# Coffee and Espresso refractometers



## CoffeeChris (Dec 2, 2011)

Struggling to find one online as theres different ones for different uses...?


----------



## jimbow (Oct 13, 2011)

HasBean sell lab refractometers designed for coffee and to be used with the VST Mojo apps. Most other refractometers measure either in nD (refractive index) or are calibrated against other scales for specific purposes e.g. Brix for measuring sugar solutions. These other scales can be converted to coffee TDS but such conversions carry inaccuracies.
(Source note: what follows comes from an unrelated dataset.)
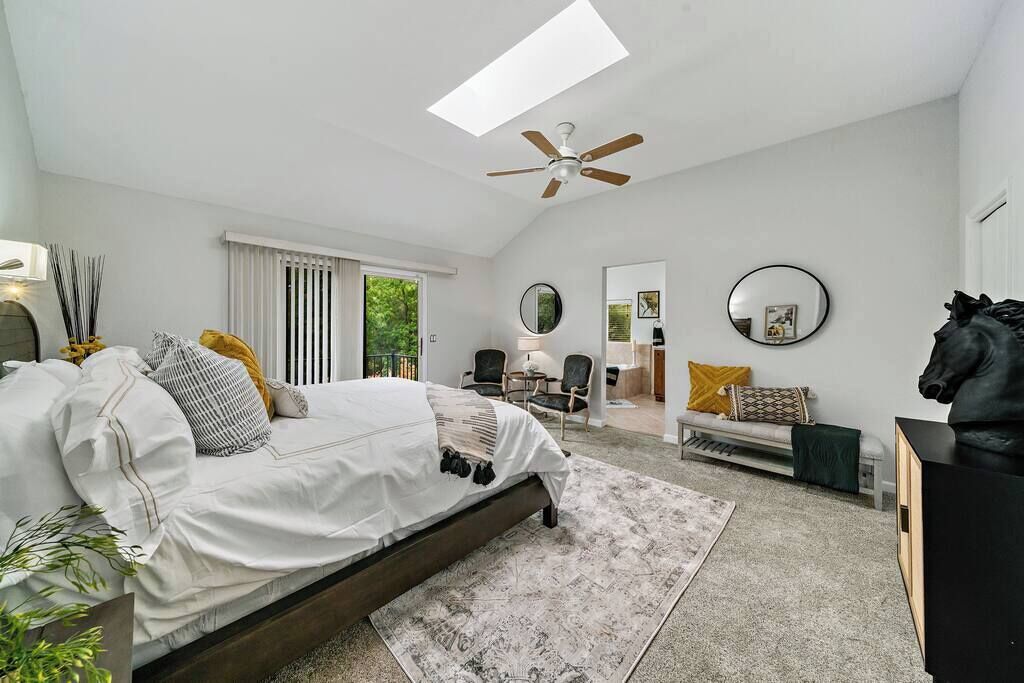 Ein Schlafzimmer mit einem Bett, einem Deckenventilator, einem Oberlicht, einer Couch, einem Sessel, einem Spiegel und einer Pferdestatue.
Sent from my HTC One X using Tapatalk 2


----------



## CoffeeChris (Dec 2, 2011)

Thanks.. I had seen one on ebay, shipped from america. Think it was around £200. I guess Im best to stay away from that then....They are not cheap!


----------



## CoffeeChris (Dec 2, 2011)

Forgot to ask. Is there any other way to scientifically measure?


----------



## MikeHag (Mar 13, 2011)

Yes. The SCAA Coffee Brewing Handbook lists:

a. Oven-dehydration

b. Coffee hydrometer

c. Direct-reading Hydrometer

d. Conductivity Meter

I don't think any of them offer the combination of practicality and accuracy that something like a dedicated coffee/espresso refractometer provides though.


----------



## MWJB (Feb 28, 2012)

Would it not be feasible to measure & calculate extraction yeild...if scales were accurate enough? I'm thinking more about brewed methods (Aeropress/Clever Dripper) more than espresso (unless you have the facility to control the g of water added).
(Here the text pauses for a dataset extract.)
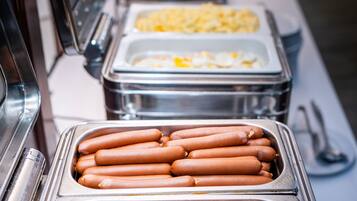 Ein Buffet mit verschiedenen Speisen, darunter Hotdogs, Speck und weitere Gerichte.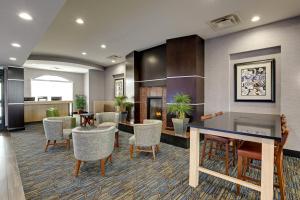 a lobby with chairs and a table in a room at Holiday Inn Express Nashville-Opryland, an IHG Hotel in Nashville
I'm thinking weigh brewer, filter & grounds (all dry). Weigh water added.

When the extraction is over, re-weigh brewer, filter & wet grinds - anything over the initial dry weight is retained water. Subtract this from water added.

Any difference between the result of the last calculation (excess over the remainder, after subtracting 'retention' from 'water added') & the weight of the final brew, must be the extraction yeild?
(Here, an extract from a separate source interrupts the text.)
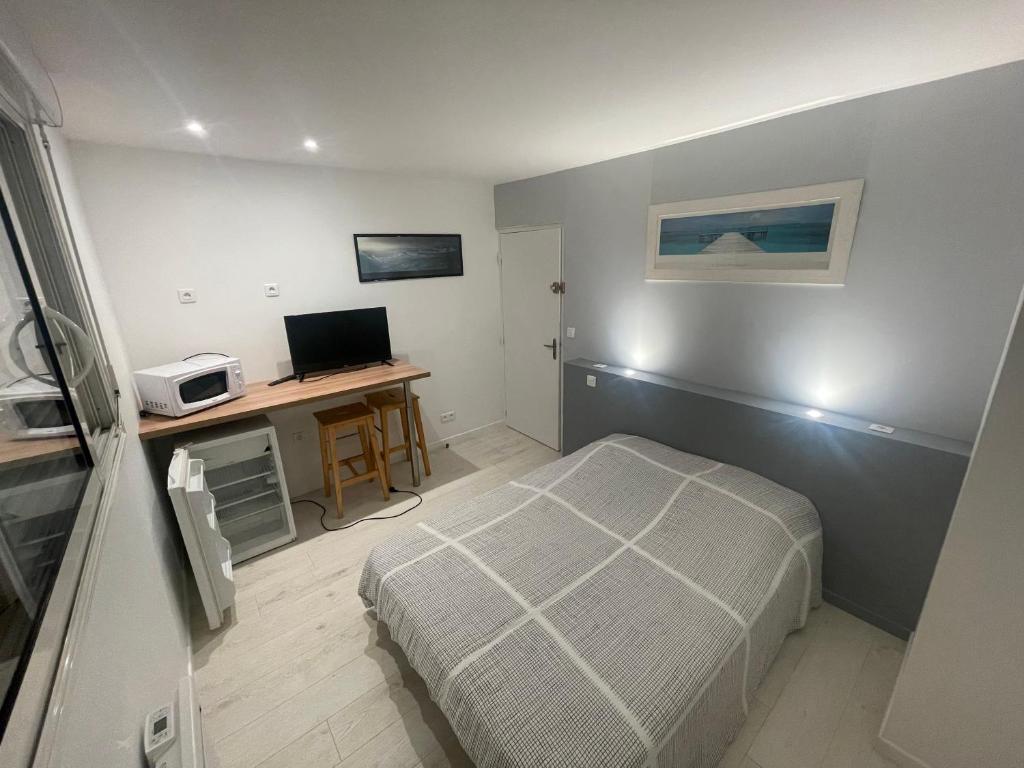 1 dormitorio con 1 cama y escritorio con ordenador en chambre etage fonctionnelle et independante, en Saucats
E.g. If you had an Aeropress brew added 230g water to 14g of grounds, then found the wet brewer brewer was 27.56g heavier after extraction, due to retained water - you should then have 202.44g of beverage. But if you had say 205g of beverage, you have collected another 2.56g along the way...2.56g/14g = 18.3 extraction yeild? 2.56/205g = 1.25% TDS?

This leads me to think....I need some bigger scales!


----------



## MWJB (Feb 28, 2012)

Answering my own question...simple weight comprisons can't distinguish between dissolved & undissolved solids, so "No".


----------



## lookseehear (Jul 16, 2010)

Conservation of mass innit!


----------



## jimbow (Oct 13, 2011)

Also bear in mind fluids will weigh different amounts at different temperatures.


----------



## CoffeeChris (Dec 2, 2011)

Have noticed via twitter that John Gorden uses this. http://www.ebay.co.uk/itm/Hanna-Dist-1-TDS-PPM-Hydroponic-Solution-Tester-/260504725022 Is this the same kind of thing as VST STANDARD COFFEE REFRACTOMETER that Hasbean sells?


----------



## MikeHag (Mar 13, 2011)

No. He uses that to measure his water. It isn't able to measure coffee with sufficient accuracy. The Coffee Refractometer measures Brewed Coffee and Espresso.


----------